Oliver Mangan: Difficult to see major losses for the dollar any time soon
The Fed has been vocal on the need for continued rate hikes so futures contracts are pricing that US rates will rise to 5% by next spring.
The dollar has risen to its highest level on a trade-weighted basis since 2002 after making significant gains against a broad range of currencies in the past year, on firming US interest rates.
The US Federal Reserve has been the most aggressive of the main central banks in hiking rates this year, lifting the funds rate to over 3.12% since March.
The central bank has also been the most vocal on the need for continued significant rate hikes to counteract high inflation. As a result, futures contracts are pricing that US rates will rise to 5% by next spring. The Russian invasion of Ukraine has also contributed to dollar strength in terms of a flight-to-quality into the world’s largest reserve currency.

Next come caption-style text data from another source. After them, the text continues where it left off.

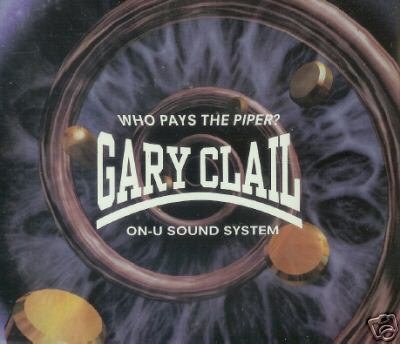 GARY CLAIL WHO PAYS THE PIPER SUPERB COLLECTORS CD NEW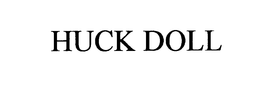 HUCK DOLL trademark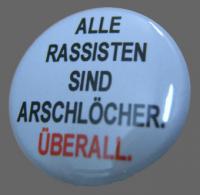 Alle Rassisten sind Arschlöcher. Überall.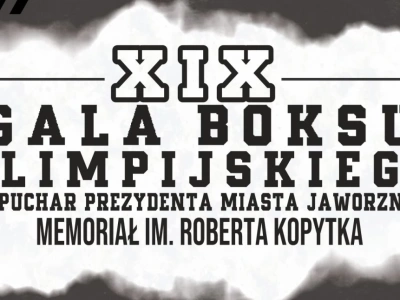 XIX Gala Boksu Olimpijskiego im. Roberta Kopytka w Jaworznie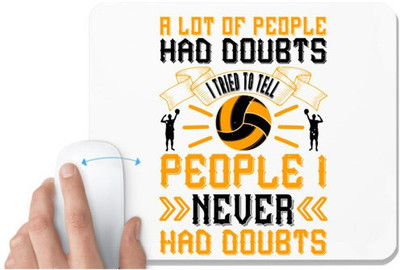 UDNAG White Mousepad 'Basketball | people had doubts. I tried to tell people I never had doubts' for Computer / PC / Laptop [230 x 200 x 5mm] Mousepad(White)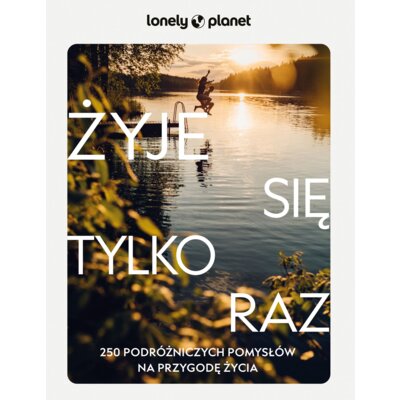 Żyje się tylko raz. 250 podróżniczych pomysłów na przygodę życia. Lonely Planet Praca zbiorowa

It is difficult to envisage a significant reversal in the dollar’s fortunes anytime soon as it should be supported by further moves upwards in US interest rates and accompanying relatively high US bond yields.
Not surprisingly, given the slowness of the European Central Bank to hike rates and the eurozone’s closer trade and financial ties with Russia, and in particular its reliance on imports of Russian gas, the euro has come under a lot of pressure against the strong dollar this year.
The euro-dollar rate has been on a steady downward path since the start of 2022, declining from around $1.14 in January to breach parity in late summer and move below $0.96 in September.
From a euro viewpoint, the fact that the ECB is now engaged in delivering a series rate hikes that are expected to extend well into 2023 should prove beneficial for the currency. However, the war in Ukraine is likely to continue to pose an ongoing risk for the euro, especially with the virtual cessation of gas imports from Russia, which could eventually lead to power cuts in Europe late next year.
Overall, our base case is that with further significant ECB rate hikes on the agenda, the euro could continue to trade within its recent range of $0.95 to $1 in the coming months.
Indeed, it is worth pointing out that the euro has made good gains against most of the major currencies since late summer.
It is only when US rates peak that dollar strength may begin to subside. In this regard, futures contracts are discounting that the Fed could start to cut rates by the of end 2023, with rates falling to 4% by the end of 2024.
This may see the dollar lose ground, but it is hard to envisage sharp losses for the currency as US interest rates would still be relatively high.